Is Herman Cain’s Pizza Any Good? Ctd

A reader writes:

Besides HomegfAmericans. Besides the obvious name, look at the website. It's a bunch of goony guys in pinstripe suits, and the "order online" link features a computer button that says "Do It!", which I'm sure is meant to evoke an intimidating grunt from a mafia thug.  I'm not Italian, and I don't normally get all bent out of shape every time a stereotype appears in the media.  I'm as big a South Park fan as you are.  But this marketing gimmick is especially, er, cheesy, and it looks like a relic of how Americans (especially those outside cities with large immigrant populations) viewed Italians 40 years ago, when "The Godfather" first came out, as opposed to the way most people view them today: as American as anybody else ("Jersey Shore" notwithstanding).

Another notes:

As Politico’s site acknowledges, the closest Godfather's location is two hours away, so the pizza they tried certainly couldn’t have been fresh. Hard to see how the comparison in that taste test was fair.

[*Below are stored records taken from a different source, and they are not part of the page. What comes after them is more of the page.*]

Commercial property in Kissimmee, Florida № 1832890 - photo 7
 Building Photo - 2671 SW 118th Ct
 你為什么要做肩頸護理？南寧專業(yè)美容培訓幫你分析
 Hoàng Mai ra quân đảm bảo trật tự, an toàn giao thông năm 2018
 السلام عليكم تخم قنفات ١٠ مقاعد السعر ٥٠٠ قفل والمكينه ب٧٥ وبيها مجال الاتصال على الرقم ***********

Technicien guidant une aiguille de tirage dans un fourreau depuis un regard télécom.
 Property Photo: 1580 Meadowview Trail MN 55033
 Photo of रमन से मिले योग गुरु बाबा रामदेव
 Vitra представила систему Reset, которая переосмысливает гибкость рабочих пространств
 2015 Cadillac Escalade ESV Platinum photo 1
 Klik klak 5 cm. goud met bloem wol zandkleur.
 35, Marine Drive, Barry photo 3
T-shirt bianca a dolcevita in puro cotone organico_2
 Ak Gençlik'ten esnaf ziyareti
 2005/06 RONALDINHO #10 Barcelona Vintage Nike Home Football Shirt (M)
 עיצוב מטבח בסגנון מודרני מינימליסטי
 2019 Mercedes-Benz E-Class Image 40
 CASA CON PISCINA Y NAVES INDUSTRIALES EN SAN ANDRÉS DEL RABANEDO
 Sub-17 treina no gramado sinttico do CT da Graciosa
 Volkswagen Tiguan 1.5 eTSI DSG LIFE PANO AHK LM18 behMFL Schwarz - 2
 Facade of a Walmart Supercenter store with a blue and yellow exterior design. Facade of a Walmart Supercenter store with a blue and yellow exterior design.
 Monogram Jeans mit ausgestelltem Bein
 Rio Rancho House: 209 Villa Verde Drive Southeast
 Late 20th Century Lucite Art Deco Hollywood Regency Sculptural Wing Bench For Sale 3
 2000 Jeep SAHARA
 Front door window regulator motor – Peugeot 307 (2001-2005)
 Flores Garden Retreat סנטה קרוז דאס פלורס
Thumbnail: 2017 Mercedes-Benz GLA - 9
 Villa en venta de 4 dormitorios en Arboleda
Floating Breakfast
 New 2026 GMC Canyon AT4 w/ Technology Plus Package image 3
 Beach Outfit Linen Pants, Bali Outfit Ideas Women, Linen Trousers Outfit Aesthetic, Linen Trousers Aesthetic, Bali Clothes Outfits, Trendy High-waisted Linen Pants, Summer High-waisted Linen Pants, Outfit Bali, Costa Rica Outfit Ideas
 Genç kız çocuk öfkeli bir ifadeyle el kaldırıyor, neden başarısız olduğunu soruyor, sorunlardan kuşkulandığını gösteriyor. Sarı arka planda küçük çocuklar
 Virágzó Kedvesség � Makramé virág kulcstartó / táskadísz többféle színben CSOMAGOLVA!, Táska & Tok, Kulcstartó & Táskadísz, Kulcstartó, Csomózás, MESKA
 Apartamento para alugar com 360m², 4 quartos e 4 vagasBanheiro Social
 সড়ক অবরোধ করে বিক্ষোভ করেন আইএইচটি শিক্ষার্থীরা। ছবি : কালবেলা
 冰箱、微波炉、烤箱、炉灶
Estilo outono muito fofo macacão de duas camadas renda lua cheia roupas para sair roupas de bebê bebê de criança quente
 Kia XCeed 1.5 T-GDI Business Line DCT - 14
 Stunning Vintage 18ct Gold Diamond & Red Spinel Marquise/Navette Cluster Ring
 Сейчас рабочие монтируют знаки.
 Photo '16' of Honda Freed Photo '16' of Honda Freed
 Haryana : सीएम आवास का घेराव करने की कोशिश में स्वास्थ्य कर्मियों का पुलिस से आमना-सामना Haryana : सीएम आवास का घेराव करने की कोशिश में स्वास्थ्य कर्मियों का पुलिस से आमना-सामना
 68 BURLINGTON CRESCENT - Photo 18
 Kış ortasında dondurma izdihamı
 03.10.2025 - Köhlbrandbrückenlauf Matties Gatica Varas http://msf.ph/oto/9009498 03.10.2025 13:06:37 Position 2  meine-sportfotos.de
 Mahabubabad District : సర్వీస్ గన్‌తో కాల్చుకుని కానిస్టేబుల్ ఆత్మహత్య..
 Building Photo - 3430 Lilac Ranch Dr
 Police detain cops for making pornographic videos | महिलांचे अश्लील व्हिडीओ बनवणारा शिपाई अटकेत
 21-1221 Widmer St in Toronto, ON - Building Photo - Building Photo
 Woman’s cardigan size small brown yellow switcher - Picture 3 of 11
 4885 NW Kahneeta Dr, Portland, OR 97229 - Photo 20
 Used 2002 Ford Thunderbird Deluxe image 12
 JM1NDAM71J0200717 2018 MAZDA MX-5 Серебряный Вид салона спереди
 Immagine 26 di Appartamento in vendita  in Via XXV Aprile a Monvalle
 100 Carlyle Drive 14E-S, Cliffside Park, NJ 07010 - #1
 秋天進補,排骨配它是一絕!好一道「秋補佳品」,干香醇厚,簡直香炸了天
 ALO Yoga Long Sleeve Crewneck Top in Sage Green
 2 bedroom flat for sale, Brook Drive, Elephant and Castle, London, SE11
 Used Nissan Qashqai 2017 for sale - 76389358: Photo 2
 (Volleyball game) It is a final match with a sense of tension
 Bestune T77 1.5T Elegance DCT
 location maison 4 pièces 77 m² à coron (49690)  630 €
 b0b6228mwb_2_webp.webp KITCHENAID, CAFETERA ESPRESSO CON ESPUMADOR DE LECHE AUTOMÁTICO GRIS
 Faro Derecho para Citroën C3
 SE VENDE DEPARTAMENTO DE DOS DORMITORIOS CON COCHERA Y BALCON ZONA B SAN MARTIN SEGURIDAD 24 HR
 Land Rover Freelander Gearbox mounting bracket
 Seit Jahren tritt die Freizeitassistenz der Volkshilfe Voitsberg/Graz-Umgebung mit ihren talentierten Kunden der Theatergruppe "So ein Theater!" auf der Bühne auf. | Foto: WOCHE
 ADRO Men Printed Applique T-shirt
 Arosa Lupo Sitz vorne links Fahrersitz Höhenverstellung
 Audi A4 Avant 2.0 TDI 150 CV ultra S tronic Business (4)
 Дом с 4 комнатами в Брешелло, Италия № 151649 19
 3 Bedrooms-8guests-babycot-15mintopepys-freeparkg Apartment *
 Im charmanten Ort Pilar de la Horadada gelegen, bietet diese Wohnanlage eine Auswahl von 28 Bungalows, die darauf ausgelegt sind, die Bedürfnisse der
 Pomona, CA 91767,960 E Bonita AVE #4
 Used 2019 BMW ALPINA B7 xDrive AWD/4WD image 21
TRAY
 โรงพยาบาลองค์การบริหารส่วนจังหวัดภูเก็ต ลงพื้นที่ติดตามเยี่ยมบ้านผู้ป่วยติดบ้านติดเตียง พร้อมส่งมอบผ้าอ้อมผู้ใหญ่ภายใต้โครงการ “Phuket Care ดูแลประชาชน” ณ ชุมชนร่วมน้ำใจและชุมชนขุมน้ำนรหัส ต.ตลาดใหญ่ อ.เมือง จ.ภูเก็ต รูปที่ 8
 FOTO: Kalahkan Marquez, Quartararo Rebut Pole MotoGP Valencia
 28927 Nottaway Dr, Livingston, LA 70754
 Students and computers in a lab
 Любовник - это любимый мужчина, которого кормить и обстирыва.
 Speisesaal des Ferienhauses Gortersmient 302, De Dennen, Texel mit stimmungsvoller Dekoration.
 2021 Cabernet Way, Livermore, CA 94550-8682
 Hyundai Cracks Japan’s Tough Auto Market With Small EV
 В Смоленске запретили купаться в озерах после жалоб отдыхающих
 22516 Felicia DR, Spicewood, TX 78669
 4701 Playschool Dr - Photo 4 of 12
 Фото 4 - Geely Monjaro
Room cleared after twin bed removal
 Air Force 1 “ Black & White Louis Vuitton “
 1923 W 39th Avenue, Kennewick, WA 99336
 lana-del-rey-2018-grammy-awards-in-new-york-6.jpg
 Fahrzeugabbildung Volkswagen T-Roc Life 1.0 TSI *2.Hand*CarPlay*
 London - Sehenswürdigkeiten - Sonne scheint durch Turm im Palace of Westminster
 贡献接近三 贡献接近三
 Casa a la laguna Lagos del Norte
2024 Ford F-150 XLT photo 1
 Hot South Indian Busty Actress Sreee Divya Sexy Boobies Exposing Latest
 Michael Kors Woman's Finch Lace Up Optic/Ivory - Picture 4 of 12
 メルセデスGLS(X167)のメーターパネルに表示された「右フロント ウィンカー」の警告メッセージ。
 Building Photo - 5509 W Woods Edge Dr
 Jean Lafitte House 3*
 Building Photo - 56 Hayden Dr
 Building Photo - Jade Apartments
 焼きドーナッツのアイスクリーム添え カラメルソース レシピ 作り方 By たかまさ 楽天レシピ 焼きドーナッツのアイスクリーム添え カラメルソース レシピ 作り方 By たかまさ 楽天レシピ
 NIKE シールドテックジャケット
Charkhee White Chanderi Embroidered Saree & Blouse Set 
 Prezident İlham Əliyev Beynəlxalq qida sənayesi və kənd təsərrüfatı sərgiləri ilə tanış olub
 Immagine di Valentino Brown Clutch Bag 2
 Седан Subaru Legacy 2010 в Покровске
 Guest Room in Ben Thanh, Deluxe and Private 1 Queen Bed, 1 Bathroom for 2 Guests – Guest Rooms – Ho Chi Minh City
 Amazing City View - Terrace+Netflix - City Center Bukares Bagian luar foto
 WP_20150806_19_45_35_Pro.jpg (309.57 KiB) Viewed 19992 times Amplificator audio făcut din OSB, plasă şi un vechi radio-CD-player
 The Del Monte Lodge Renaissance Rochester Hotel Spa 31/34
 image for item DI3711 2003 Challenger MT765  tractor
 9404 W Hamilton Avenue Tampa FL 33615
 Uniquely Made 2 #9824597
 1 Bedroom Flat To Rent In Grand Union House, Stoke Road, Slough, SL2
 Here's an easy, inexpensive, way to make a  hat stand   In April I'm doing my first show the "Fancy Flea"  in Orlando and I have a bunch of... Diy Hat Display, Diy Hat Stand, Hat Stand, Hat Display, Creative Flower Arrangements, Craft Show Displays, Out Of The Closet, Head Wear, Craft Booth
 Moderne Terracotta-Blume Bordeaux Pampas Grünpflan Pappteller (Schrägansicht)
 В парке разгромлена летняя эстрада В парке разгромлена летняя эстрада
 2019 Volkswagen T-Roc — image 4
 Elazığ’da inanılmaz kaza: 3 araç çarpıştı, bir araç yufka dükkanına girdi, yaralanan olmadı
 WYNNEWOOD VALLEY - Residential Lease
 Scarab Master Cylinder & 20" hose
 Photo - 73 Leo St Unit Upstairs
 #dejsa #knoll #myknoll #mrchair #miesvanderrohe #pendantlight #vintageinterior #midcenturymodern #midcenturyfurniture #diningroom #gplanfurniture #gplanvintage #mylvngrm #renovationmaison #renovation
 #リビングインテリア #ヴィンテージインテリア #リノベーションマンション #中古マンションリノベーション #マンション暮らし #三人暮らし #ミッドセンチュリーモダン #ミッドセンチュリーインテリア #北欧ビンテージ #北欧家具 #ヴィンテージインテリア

Another also defends the pizza chain:

I must disagree with Politico's assessment. Godfather's cinnamon struesel dessert pizza is meth without the possibility of explosions (but still bad teeth). Moreover, this snark on Cain's pizza chain plays into the snooty liberal opposition. Liberals who whine about his pizza tasting bad come off like they want broccoli and brussel sprouts on their sauceless, seven-grain crust gourmet nonsense. Godfather's is cheap, goes good with beer or soda (an underrated feature of pizza), and boasts a killer buffet.

Another reminiscences:

It was the pizza of my childhood. I remember Christmas commercials with a mafioso dressed as Santa, singing a version of "Deck the halls" that included the line "18 inches wide, A POUND OF CHEESE". It's the pizza we ordered first thing when my older brother came home from college. It was my first cold pizza. And as a cold pizza, it was glorious. It was a thick-crust pizza with a dark, sweet sauce and tons of cheese. I'd keep my fingers crossed that we'd order too much so there'd be some in the fridge the next morning. The cheese would solidify into a kind of brick, encasing the sweetness inside. The pepperoni was just think enough that it would crinkle and brown around the edges.

So you East Coasters can slander our modest Midwestern pizza if it makes you feel better. You won't have old Herman Cain and his stink-pizza to kick around much longer.